━━━ Records for this exercise ━━━

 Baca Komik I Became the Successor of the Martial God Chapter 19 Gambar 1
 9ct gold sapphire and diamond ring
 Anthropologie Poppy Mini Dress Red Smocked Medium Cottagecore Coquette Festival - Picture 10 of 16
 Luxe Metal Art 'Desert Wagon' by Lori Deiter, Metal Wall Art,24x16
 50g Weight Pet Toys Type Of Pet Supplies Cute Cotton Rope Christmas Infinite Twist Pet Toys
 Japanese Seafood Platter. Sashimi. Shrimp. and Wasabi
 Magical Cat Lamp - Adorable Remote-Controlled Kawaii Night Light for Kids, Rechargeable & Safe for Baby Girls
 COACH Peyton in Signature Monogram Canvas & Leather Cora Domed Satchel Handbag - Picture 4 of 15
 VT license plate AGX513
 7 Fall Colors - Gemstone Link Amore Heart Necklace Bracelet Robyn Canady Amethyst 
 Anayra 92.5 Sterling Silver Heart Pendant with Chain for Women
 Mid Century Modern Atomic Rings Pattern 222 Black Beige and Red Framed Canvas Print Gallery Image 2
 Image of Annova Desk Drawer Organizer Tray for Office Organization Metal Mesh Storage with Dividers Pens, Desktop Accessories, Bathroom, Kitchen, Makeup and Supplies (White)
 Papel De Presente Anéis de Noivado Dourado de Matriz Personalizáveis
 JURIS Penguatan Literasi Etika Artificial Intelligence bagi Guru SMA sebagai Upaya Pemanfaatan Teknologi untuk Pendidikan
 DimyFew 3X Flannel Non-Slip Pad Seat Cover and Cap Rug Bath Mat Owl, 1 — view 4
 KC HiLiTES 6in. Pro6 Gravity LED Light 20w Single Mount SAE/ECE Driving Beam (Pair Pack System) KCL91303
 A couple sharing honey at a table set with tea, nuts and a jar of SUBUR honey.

━━━

_Task item_.
From the opening line of the data above through the line holding "50g Weight Pet", give every line again exactly as it stands.

_Written response_.
 Baca Komik I Became the Successor of the Martial God Chapter 19 Gambar 1
 9ct gold sapphire and diamond ring
 Anthropologie Poppy Mini Dress Red Smocked Medium Cottagecore Coquette Festival - Picture 10 of 16
 Luxe Metal Art 'Desert Wagon' by Lori Deiter, Metal Wall Art,24x16
 50g Weight Pet Toys Type Of Pet Supplies Cute Cotton Rope Christmas Infinite Twist Pet Toys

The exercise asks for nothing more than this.